→ **Goal of the exercise**:
For the listing below, the answer is an exact retyping of the lines from the one with "Пожежа в Австралії: показали, як" through the one with "PIVOINE + BOUTON PINK", both included, without pictures.

──────── Provided data

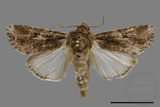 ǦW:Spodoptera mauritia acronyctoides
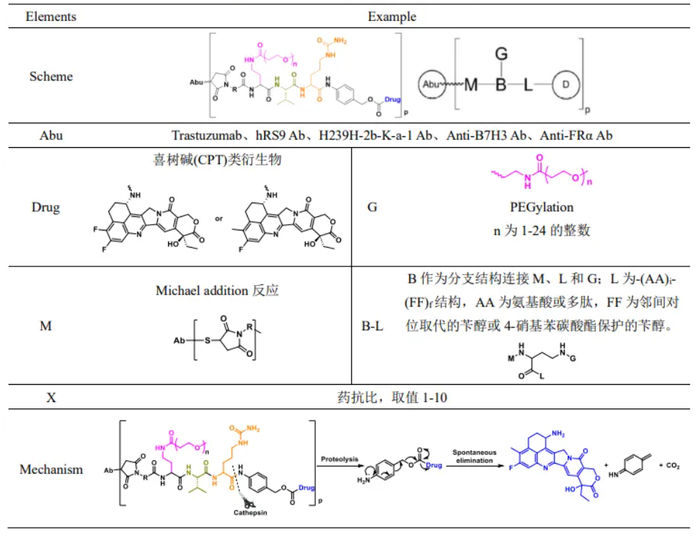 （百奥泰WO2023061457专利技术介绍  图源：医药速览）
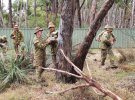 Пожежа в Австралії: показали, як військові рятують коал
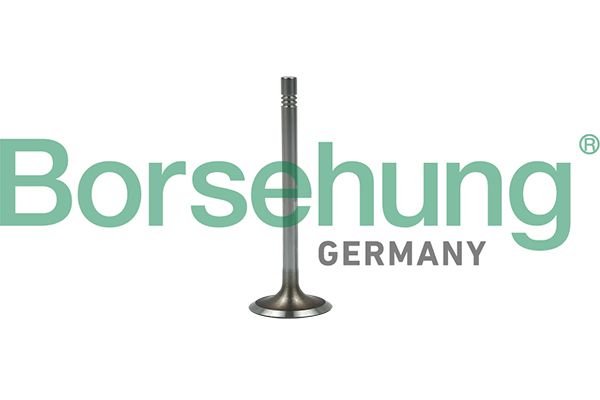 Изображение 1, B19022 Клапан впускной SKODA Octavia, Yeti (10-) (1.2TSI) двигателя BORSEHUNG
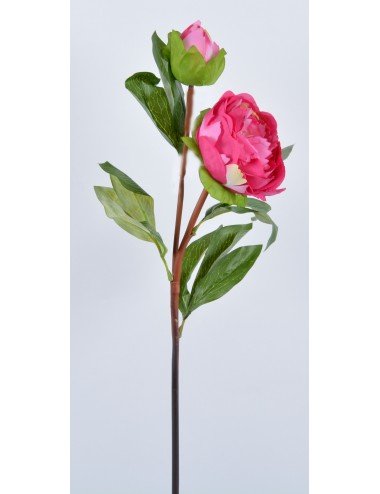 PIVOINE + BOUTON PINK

────────────────
──────── Provided data

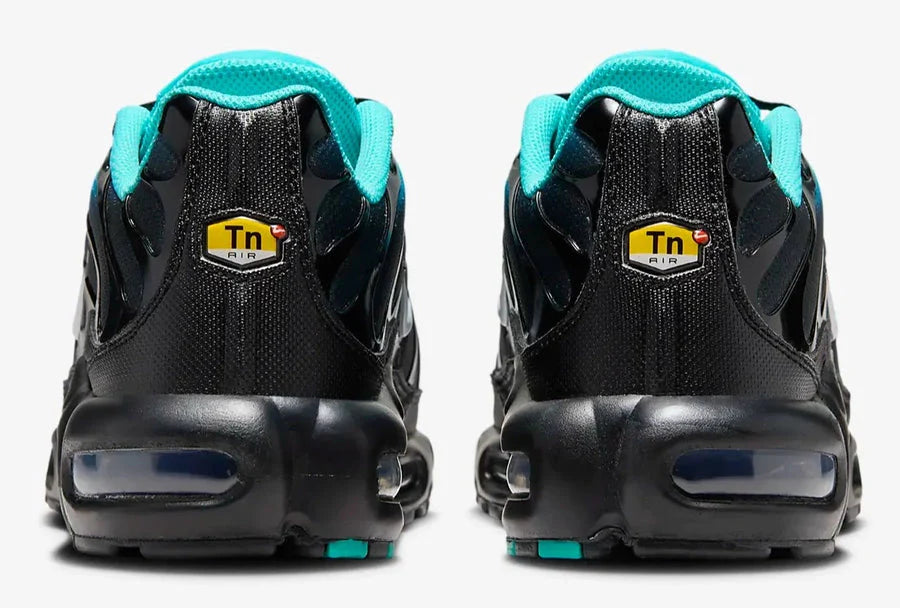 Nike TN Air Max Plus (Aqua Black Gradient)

────────────────

→ **Written solution**:
 Пожежа в Австралії: показали, як військові рятують коал
 Изображение 1, B19022 Клапан впускной SKODA Octavia, Yeti (10-) (1.2TSI) двигателя BORSEHUNG
 PIVOINE + BOUTON PINK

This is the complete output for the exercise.